**Task to carry out**: Below are some records. Print exactly the lines between the one holding "Apartment Karla Capka Street" and the one holding "Outside Door Handle American Truck Navistar", inclusive, and nothing else.

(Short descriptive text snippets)
· · · · · · ·
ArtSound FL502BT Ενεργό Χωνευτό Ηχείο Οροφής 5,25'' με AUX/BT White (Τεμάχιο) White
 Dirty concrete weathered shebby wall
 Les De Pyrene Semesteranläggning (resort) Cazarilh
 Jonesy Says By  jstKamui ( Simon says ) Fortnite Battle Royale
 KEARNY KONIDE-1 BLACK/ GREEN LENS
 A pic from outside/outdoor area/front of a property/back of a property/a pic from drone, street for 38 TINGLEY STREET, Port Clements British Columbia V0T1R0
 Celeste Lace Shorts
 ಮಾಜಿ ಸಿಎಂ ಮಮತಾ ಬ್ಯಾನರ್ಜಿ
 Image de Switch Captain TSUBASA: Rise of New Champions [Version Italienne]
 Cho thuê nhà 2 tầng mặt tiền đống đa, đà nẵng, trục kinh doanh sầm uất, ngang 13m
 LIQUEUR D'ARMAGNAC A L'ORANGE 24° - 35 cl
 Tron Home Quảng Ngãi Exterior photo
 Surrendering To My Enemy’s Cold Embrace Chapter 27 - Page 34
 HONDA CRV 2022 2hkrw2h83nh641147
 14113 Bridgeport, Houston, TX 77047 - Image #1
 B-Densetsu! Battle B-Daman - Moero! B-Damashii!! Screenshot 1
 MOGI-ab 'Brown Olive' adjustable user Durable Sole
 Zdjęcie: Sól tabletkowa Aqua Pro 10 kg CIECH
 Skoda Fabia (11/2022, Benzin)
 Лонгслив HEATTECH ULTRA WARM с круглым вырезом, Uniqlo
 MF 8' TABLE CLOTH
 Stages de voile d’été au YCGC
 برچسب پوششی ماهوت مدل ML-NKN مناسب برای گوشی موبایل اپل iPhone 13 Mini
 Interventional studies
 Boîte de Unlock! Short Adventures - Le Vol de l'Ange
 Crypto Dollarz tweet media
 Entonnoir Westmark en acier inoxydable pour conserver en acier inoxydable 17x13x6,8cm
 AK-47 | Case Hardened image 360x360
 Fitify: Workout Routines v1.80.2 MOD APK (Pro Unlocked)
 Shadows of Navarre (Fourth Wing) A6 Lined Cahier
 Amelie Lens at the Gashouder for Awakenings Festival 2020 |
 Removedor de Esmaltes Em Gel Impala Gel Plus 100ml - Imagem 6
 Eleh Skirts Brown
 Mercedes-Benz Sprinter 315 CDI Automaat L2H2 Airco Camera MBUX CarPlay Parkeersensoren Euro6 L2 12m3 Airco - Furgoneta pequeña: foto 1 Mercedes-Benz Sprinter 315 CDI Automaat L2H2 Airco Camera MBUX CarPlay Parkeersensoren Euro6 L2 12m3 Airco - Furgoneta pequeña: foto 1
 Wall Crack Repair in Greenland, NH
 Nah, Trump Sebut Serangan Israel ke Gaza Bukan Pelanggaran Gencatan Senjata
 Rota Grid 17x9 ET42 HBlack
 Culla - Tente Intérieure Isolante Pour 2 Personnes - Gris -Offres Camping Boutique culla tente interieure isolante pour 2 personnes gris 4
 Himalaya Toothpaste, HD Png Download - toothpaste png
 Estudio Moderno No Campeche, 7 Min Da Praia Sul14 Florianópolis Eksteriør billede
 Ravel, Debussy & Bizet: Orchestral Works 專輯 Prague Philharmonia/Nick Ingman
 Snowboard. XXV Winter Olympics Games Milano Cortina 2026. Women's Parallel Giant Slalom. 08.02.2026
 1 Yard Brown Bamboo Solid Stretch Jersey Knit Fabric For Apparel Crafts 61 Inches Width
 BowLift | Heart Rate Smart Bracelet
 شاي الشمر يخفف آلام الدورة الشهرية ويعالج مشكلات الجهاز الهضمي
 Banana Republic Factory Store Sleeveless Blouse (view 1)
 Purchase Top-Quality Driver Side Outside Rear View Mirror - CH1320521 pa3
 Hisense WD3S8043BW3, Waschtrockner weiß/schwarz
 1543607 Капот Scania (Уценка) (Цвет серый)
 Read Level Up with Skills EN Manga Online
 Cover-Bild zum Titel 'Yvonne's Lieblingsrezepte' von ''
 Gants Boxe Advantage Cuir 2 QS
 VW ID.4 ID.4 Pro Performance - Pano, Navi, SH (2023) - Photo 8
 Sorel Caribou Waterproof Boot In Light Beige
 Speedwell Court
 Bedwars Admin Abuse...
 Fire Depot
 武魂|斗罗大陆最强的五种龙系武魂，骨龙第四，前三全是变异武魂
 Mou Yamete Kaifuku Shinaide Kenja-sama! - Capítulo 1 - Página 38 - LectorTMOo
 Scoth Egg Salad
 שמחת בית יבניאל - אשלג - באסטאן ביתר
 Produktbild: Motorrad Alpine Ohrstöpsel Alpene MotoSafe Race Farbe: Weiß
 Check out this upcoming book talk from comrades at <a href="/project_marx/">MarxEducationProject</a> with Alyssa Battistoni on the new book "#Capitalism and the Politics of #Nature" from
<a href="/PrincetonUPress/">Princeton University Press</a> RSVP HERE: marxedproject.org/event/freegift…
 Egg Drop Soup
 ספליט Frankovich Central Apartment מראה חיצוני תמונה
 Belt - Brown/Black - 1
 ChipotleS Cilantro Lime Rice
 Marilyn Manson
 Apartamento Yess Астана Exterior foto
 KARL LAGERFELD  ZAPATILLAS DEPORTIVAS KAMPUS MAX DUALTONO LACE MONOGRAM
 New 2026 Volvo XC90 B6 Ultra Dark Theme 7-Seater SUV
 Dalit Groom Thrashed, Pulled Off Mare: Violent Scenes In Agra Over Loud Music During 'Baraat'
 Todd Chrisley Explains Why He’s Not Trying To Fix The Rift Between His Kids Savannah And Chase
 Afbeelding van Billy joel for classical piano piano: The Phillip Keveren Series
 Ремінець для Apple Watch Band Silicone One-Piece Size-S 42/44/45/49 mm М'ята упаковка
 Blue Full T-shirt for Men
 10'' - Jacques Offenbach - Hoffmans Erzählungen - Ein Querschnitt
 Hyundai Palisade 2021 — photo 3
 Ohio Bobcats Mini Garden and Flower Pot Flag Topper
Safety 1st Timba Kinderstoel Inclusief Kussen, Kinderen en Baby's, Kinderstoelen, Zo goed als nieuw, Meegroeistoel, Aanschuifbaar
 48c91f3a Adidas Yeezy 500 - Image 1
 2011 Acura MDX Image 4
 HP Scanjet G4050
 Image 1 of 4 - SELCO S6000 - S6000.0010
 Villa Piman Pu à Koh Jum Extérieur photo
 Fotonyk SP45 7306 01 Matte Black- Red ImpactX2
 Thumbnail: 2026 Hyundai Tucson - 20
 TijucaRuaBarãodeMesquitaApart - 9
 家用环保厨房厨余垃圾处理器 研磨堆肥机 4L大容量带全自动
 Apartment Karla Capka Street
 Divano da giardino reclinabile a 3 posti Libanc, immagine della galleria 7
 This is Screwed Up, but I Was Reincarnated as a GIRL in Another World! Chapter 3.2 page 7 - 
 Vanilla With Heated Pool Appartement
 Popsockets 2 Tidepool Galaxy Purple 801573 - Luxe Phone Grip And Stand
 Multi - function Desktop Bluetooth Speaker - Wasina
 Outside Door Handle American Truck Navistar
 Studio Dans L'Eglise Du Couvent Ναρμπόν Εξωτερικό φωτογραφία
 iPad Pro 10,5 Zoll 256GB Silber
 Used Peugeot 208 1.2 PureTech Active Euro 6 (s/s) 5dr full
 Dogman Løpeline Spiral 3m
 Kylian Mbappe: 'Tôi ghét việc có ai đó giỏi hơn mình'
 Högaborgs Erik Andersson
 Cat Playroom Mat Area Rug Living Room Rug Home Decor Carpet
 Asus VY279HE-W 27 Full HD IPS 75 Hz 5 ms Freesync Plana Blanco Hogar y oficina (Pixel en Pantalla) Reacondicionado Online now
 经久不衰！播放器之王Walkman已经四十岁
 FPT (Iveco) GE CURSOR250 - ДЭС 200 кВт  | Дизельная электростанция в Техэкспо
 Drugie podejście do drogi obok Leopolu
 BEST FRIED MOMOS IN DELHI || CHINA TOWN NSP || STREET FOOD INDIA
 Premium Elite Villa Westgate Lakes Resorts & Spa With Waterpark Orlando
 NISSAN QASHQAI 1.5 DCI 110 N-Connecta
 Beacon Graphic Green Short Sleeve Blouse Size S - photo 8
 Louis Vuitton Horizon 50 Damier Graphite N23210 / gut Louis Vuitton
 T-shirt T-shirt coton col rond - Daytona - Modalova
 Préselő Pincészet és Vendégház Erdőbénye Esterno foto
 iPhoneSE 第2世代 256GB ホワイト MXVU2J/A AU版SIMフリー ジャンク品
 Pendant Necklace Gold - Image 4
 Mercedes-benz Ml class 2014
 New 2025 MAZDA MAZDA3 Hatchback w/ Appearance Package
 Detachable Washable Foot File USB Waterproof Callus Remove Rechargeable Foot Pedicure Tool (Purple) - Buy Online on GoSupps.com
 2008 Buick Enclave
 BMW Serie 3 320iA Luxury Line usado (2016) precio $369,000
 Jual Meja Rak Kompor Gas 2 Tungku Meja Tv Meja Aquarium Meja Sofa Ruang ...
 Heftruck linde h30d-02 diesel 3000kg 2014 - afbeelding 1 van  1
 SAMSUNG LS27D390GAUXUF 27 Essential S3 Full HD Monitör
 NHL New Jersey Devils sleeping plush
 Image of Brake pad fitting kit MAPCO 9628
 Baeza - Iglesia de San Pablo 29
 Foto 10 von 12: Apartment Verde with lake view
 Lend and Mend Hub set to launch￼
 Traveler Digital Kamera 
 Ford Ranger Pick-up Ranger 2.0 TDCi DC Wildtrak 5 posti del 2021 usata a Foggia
· · · · · · ·
**Response box**:
 Apartment Karla Capka Street
 Divano da giardino reclinabile a 3 posti Libanc, immagine della galleria 7
 This is Screwed Up, but I Was Reincarnated as a GIRL in Another World! Chapter 3.2 page 7 - 
 Vanilla With Heated Pool Appartement
 Popsockets 2 Tidepool Galaxy Purple 801573 - Luxe Phone Grip And Stand
 Multi - function Desktop Bluetooth Speaker - Wasina
 Outside Door Handle American Truck Navistar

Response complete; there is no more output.